Outro elogio que precisa ser conferido à Aquiris é a forma como o jogo está bem configurado para rodar bem mesmo em PCs com configurações reduzidas – durante minhas partidas no meu “computador carroça”, tive poucos engasgos (a maioria deles mais ligados à qualidade da conexão do que ao game em si). É um atributo importante: não basta só ser o jogo ser barato, mas também que possa ser jogado em qualquer máquina. Há aqui um nicho de mercado bastante amplo para a empresa – gente interessada em jogar bons games, mas que não tem dinheiro para gastar no último modelo de placa gráfica avançadíssima. 
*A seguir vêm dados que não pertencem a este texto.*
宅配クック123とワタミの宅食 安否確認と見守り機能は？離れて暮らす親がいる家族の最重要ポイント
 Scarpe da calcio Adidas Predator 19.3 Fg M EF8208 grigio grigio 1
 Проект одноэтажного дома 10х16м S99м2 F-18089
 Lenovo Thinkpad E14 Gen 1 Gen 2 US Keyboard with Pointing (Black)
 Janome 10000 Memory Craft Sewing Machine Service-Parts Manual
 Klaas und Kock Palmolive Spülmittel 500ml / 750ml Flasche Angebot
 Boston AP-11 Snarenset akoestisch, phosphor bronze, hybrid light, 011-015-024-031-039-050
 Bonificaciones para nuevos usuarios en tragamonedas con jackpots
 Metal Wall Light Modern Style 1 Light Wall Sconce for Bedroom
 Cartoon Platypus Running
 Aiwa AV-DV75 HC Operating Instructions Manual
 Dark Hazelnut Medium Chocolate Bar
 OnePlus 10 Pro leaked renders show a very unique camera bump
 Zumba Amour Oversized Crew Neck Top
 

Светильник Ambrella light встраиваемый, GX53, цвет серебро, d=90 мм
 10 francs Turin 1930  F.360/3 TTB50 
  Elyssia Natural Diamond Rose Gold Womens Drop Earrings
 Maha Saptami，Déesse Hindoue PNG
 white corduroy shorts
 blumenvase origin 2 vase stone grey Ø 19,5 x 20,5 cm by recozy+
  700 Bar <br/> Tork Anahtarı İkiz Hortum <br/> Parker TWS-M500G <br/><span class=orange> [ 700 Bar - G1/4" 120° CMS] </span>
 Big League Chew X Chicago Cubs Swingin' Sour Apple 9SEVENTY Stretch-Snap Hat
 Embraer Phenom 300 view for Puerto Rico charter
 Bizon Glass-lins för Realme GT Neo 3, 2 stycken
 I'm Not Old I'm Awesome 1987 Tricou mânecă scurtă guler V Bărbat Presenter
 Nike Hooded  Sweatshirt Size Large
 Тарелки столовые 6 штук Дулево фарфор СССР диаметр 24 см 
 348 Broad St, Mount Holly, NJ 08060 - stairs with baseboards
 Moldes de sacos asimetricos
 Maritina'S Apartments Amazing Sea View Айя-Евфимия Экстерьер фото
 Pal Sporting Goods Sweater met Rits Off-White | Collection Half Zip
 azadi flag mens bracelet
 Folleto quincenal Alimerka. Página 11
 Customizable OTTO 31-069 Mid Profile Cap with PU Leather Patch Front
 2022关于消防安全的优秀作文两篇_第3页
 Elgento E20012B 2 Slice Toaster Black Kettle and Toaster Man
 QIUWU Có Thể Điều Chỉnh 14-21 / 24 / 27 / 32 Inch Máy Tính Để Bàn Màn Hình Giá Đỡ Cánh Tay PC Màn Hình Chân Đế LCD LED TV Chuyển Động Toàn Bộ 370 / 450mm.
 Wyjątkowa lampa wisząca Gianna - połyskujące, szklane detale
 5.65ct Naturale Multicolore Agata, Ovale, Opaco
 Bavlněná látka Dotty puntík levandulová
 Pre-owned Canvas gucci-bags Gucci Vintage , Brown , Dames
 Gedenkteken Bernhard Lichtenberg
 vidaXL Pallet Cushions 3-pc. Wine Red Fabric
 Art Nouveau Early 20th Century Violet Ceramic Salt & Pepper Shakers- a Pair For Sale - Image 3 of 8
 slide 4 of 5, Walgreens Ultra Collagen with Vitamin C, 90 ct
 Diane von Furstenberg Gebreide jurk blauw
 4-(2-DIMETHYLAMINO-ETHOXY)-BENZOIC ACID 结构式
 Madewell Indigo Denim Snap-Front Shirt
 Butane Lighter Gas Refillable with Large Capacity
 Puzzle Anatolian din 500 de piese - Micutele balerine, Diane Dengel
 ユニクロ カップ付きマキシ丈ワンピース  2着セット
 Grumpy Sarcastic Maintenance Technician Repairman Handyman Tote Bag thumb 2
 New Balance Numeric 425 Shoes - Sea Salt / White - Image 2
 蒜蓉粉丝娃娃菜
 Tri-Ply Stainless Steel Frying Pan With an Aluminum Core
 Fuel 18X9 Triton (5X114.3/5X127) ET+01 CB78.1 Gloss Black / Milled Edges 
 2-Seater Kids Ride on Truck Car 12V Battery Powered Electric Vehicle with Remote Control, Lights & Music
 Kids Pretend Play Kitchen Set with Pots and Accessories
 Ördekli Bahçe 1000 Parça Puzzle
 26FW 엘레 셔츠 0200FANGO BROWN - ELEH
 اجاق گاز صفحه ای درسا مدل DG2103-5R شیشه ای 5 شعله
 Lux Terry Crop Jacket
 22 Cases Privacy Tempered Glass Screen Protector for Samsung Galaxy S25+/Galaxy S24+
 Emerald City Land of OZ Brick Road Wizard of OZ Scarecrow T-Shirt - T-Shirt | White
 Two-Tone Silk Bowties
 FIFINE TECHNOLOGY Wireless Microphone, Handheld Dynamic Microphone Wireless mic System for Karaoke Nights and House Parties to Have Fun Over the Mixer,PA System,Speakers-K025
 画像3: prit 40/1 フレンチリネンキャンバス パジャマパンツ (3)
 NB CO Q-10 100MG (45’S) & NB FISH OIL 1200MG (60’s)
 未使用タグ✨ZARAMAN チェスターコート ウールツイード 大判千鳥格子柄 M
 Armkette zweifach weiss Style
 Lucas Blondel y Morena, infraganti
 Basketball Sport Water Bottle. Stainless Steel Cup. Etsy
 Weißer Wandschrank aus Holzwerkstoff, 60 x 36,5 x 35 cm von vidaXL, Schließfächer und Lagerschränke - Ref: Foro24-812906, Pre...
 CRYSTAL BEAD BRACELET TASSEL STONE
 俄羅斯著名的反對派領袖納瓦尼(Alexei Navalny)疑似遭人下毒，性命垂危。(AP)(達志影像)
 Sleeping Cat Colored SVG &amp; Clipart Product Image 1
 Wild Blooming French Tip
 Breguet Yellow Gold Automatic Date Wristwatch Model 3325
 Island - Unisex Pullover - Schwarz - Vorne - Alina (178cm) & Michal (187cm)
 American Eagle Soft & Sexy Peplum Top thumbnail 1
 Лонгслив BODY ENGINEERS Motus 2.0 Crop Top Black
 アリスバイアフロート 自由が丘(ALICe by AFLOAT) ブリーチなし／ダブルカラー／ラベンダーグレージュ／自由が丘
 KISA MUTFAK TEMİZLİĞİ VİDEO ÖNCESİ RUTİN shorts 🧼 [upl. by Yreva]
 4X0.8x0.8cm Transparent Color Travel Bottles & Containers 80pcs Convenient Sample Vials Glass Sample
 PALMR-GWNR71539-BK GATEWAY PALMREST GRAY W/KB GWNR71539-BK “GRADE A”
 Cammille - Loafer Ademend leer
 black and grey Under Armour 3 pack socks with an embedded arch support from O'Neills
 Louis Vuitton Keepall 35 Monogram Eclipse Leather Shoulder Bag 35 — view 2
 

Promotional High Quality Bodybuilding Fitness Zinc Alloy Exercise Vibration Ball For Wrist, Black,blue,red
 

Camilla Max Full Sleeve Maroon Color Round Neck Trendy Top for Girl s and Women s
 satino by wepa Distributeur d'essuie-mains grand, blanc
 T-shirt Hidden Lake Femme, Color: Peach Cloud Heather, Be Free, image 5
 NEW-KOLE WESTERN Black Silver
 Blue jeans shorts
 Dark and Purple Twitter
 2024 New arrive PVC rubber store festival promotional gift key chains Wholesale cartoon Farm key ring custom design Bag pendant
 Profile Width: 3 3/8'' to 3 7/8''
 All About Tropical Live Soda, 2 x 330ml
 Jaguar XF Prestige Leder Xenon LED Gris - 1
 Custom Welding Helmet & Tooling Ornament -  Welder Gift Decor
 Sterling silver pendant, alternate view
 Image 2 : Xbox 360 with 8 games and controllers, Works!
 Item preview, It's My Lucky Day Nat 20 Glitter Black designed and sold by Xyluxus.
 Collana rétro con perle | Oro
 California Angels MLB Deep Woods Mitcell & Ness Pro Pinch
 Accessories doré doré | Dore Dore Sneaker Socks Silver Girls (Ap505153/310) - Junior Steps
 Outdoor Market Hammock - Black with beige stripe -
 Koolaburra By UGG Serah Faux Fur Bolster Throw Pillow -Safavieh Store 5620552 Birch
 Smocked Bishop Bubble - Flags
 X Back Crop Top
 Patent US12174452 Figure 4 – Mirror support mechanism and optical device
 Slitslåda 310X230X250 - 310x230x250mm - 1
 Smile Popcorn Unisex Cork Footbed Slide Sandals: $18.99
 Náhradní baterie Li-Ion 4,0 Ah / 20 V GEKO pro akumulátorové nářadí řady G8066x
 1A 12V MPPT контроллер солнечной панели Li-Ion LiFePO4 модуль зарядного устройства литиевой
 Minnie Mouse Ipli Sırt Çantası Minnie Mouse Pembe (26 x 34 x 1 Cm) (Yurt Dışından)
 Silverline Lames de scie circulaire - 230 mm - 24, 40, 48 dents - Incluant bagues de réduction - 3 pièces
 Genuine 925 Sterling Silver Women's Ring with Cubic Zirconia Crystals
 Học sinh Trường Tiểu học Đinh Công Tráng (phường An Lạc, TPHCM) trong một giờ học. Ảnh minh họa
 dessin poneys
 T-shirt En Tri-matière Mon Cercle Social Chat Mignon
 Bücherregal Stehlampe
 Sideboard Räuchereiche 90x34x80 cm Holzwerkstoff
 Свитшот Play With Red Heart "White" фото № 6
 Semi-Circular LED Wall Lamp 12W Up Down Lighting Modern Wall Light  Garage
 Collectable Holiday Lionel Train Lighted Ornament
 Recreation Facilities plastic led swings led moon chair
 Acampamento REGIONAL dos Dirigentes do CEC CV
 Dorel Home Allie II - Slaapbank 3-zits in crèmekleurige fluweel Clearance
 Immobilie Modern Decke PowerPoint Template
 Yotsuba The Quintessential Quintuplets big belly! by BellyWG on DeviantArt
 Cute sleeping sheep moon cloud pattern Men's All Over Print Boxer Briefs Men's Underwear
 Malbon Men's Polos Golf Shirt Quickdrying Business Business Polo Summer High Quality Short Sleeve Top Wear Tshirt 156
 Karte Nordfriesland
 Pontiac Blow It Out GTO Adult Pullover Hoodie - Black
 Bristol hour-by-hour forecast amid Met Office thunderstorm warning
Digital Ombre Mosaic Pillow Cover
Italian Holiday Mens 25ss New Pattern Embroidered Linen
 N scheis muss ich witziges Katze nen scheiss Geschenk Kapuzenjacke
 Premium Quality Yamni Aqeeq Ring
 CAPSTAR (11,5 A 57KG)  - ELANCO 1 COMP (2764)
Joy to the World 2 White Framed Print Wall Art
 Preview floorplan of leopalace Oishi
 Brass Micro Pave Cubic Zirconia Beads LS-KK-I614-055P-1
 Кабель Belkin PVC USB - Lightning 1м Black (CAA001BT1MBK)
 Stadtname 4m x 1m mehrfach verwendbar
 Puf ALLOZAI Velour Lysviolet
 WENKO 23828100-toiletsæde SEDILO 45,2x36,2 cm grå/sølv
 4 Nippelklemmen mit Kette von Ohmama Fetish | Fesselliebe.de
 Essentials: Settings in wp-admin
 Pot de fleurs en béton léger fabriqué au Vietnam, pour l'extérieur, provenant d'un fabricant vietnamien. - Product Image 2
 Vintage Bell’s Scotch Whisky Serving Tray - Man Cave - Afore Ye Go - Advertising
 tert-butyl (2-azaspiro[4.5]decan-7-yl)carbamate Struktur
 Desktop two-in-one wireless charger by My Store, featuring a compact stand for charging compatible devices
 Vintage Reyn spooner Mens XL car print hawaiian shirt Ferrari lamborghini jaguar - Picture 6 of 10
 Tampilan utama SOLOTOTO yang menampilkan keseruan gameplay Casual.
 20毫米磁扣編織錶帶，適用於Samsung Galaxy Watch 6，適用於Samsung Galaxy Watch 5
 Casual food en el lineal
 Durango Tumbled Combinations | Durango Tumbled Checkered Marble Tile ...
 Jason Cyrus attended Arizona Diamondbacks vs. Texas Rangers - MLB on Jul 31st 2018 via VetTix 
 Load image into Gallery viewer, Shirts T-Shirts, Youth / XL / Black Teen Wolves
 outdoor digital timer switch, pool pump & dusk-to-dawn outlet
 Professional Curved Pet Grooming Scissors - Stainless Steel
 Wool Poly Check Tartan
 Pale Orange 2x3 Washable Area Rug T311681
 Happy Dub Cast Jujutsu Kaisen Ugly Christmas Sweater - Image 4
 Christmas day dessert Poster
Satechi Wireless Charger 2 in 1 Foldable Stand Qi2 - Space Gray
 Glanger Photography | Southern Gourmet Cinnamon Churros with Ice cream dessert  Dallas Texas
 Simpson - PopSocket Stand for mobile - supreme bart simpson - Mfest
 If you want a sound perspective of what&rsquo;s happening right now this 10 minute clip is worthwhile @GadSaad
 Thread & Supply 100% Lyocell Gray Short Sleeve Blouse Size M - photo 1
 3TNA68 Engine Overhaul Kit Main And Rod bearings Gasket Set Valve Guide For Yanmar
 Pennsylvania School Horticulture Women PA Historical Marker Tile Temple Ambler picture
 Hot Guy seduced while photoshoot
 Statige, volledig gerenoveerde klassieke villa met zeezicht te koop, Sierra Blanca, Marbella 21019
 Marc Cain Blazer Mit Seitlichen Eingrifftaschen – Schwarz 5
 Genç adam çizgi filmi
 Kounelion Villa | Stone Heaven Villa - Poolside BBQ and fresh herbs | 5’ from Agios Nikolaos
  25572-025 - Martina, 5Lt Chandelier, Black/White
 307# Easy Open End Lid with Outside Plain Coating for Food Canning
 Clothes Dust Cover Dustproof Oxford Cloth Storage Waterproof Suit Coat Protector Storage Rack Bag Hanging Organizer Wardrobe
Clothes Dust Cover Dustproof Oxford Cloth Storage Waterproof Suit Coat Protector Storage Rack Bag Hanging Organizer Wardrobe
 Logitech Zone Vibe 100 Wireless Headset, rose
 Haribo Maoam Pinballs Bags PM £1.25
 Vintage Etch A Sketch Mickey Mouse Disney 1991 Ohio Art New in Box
Vale a pena? Por R$ 20 e com bom suporte a computadores de configurações pouco robustas, Ballistic Overkill é um belo jogo acessível, com competência o suficiente para brigar em um universo que tem títulos como Counter-Strike, CrossFire e Point Blank. Há problemas – alguns aspectos em que o jogo é genérico e outros que podem ser resolvidos em futuras atualizações (como o matchmaking e a presença de personagens femininas, por exemplo). Mas, no fim do dia, é um jogo divertido, com variedade de estratégias e boa porta de entrada para quem nunca se atreveu a entrar em tiroteios munido de mouse e teclado na mão. Mais do que isso, é uma amostra que os games brasileiros podem competir no mercado global sem complexo de vira-lata.